Y en la ciudad de Ergue-Gaberic, en Bretaña, las duras temperaturas (alrededor de 40°C) son demasiado altas para un transformador eléctrico.
La gruesa caja de metal falló, dejando inicialmente a más de 100.000 personas sin electricidad.
Este es un evento “relacionado con el calor”, Según funcionarios locales, externo. Los videos publicados en las redes sociales mostraban humo saliendo del transformador. Un portavoz de la empresa eléctrica RTE confirmó a la BBC que el vídeo mostraba una de las instalaciones de la empresa.
El día antes del accidente… RTE publicó un comunicado, externo “No le preocupa” la disponibilidad de energía en su red este verano.

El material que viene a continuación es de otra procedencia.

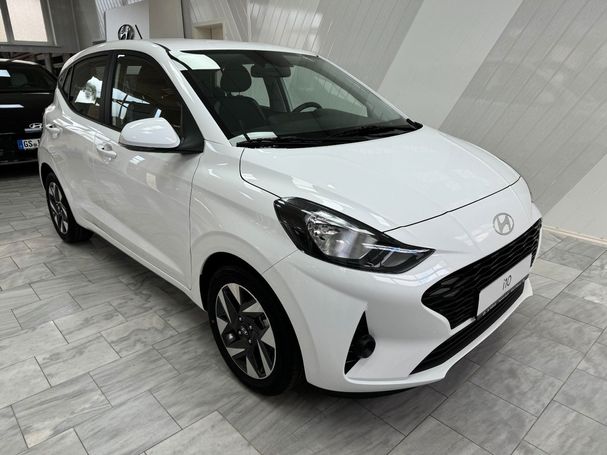 Hyundai i10 Trend 46 kW image number 4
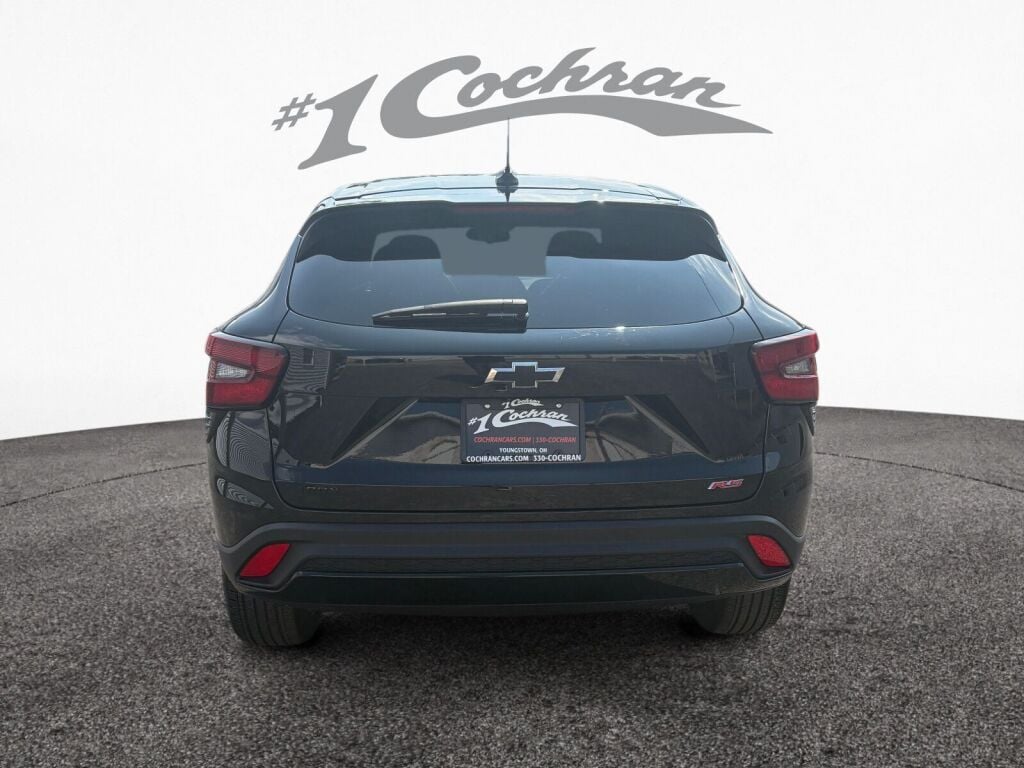 2024 Chevrolet Trax photo 6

Así como todos tenemos nuestros propios límites cuando se trata de altas temperaturas, también los tiene la tecnología. Los equipos eléctricos y de telecomunicaciones y los armarios de señalización ferroviaria a veces fallan durante las olas de calor. Las temperaturas extremas también pueden activar los sistemas de alarma.

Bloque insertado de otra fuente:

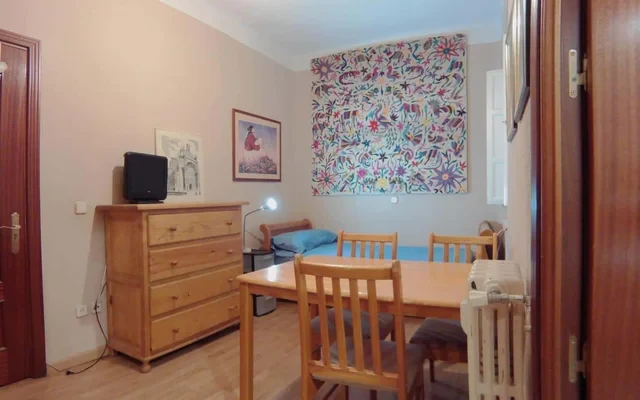 Studio Calle Luisa Fernanda 0
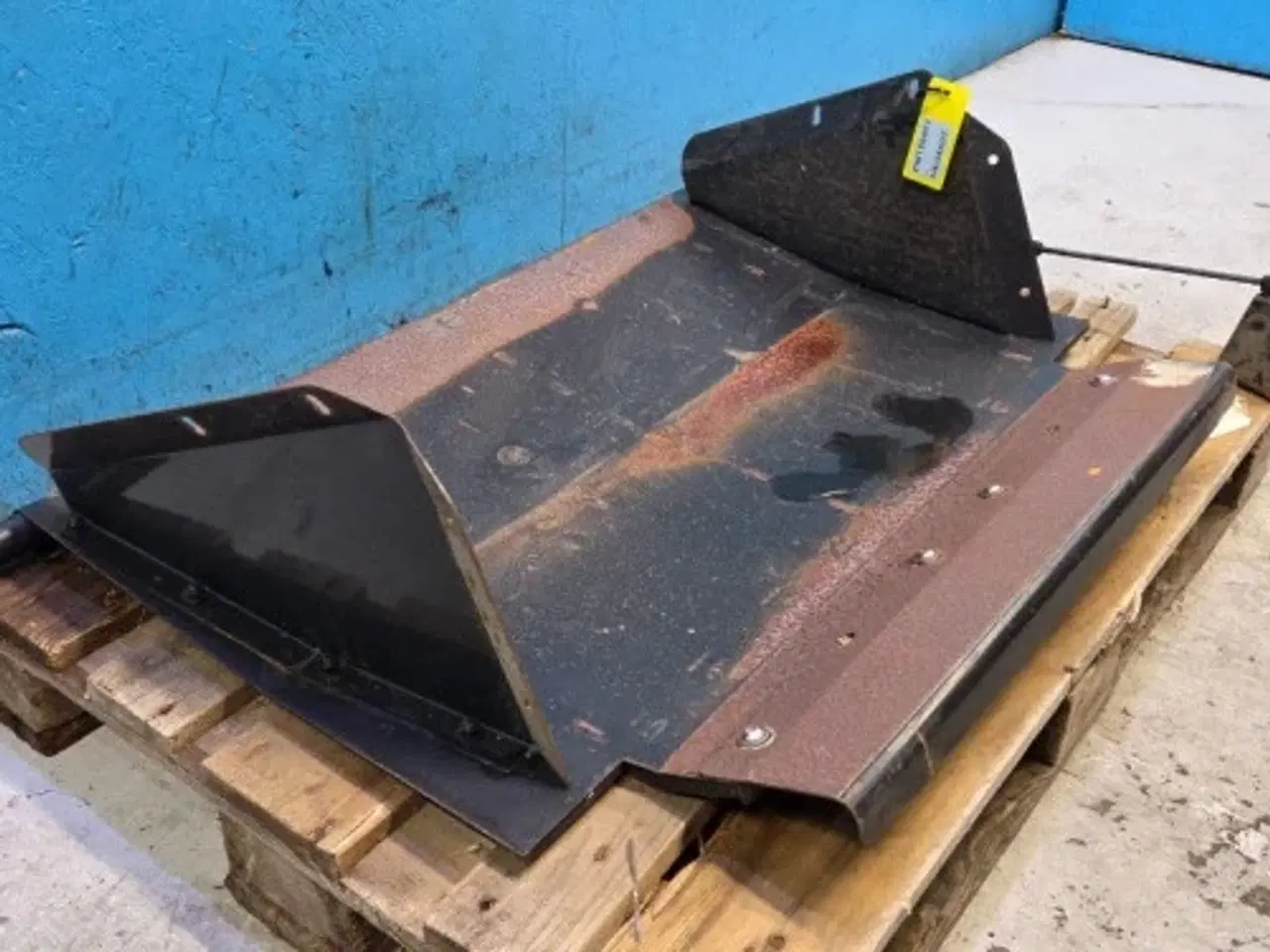 Billede 4 - Case 9120 Plade 87496170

La tecnología con problemas de calor es un problema grave.
Por ejemplo, seis fideicomisos del NHS en Inglaterra declararon un incidente crítico la semana pasada después de que el clima cálido afectara negativamente a sus sistemas de TI, escáneres y equipos de laboratorio y cáncer.

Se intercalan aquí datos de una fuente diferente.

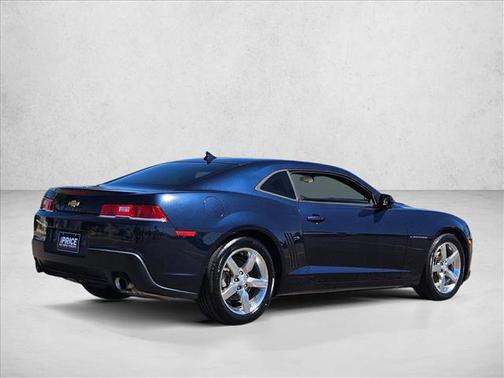 2015 Chevrolet Camaro 1LT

El cambio climático causado por el hombre está provocando olas de calor más frecuentes e intensas, lo que significa que los ingenieros están adaptando cada vez más la infraestructura para hacer frente.
“Todo lo que tiene que ver con la red eléctrica (líneas eléctricas, interconectores y transformadores) lucha por mantenerse lo suficientemente frío”, explica Ian Staffel del Imperial College de Londres. “Reduce la eficiencia de todo”.
Staffel y sus colegas estiman que a temperaturas de 40°C, la producción de las centrales eléctricas alimentadas con gas caerá aproximadamente un 10% frente a 20°C.
La eficiencia de los paneles solares también disminuye a medida que aumenta la temperatura, pero Staffel señala que este efecto es menos pronunciado con las nuevas generaciones de paneles.
Sin embargo, el impacto del aumento de las temperaturas en la energía solar en Gran Bretaña es visible en los datos que él y sus colegas analizaron y compartieron con la BBC. “Una vez que el Reino Unido supere los 27°C, nuestros niveles de producción solar caerán lentamente (a medida que las temperaturas sigan aumentando)”, afirma Staffel.
Los períodos prolongados de clima soleado durante las olas de calor pueden aumentar la producción solar en comparación con los días nublados antes de que llegue la ola de calor. Esto sucedió la semana pasada, según el sitio web de comparación Utility Bidder.
Además de las instalaciones de generación de energía, considere las líneas eléctricas que atraviesan el país. Estos cables están hechos de metal, que se expande con el calor y hace que las líneas se deshilachen. Hacer pasar electricidad a través de ellos produce más calor.
“Existe un límite en cuanto a la flexibilidad que se puede permitir”, dice Simon Hogg, consultor y profesor emérito de la Universidad de Durham.
Si los cables caídos tocan árboles o edificios debajo, puede provocar un accidente o un corte de energía.
Este escenario está detrás del apagón masivo de 2003 en América del Norte.
Dado el riesgo, los operadores reducen la cantidad de electricidad que envían a lo largo de las líneas eléctricas durante las olas de calor, limitando el suministro.